>On 22/05/21 2:06 am, Odhiambo Washington wrote:
>>I installed this on my Windows 10 but gave up when I could not make
>>it to cache anything.

On 26.05.21 12:57, Amos Jeffries wrote:
>Squid by default uses a memory based cache these days. Unless your
>traffic is non-cacheable you should be seeing some things stored there
>without any configuration.

On Wed, May 26, 2021 at 10:18 AM Matus UHLAR - fantomas <uh...@fantomas.sk>
wrote:
The main problem is that most of web content it HTTPS, which means it's
hardly cacheable outside of web browsers.

with https, proxy only sees stream of encrypted data:
the "s" in https means "secure" so no third party sees your data.

caching it requires decrypting of the connection, which means doing
man-in-the-mittle attack.  It requires private certififacion authority
installed on squid and in the browser, and for some domains using CAA
browsers will still complain, or you'll have to fake DNS CAA records, which
is harder with when using DNSSES, DoT or DoH.

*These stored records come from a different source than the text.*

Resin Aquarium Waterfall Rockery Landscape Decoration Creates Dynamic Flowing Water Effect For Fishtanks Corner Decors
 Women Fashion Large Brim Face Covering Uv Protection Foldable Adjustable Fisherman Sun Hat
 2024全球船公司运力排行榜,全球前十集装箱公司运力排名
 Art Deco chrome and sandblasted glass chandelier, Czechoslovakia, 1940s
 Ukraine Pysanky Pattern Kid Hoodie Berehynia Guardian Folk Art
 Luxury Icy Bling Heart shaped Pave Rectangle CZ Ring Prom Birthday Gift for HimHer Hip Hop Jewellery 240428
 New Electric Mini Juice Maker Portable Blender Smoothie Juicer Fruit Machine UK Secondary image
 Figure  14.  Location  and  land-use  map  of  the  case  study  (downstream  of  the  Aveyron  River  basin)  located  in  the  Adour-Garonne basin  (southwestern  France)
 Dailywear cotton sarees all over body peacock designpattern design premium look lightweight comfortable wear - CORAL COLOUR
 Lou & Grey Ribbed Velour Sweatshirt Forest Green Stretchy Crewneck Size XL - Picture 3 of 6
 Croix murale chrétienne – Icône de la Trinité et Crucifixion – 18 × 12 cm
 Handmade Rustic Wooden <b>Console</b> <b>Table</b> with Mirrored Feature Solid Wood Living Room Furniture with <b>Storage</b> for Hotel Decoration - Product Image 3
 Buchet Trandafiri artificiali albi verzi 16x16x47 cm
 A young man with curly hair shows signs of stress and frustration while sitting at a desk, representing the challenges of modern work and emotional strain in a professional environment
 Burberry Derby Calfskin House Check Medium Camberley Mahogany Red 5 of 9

On 26.05.21 11:25, Odhiambo Washington wrote:
In the light of the foregoing, what is the standard way of deploying Squid
these days?
Is the use of the ssl_bump becoming standard or no one needs any caching
within Squid these days so that Squid
has become a tool for filtering and access control only?

I guess it's the latter.

I personally think in cases of e.g.  public documents where the only privacy
issue is that you know who accesses what content, simpler version of
security could be enough: confirmation of authenticity (the content was not
modified). Such content could be cacheable.
--
Matus UHLAR - fantomas, uh...@fantomas.sk ; http://www.fantomas.sk/
Warning: I wish NOT to receive e-mail advertising to this address.
Varovanie: na tuto adresu chcem NEDOSTAVAT akukolvek reklamnu postu.
Quantum mechanics: The dreams stuff is made of.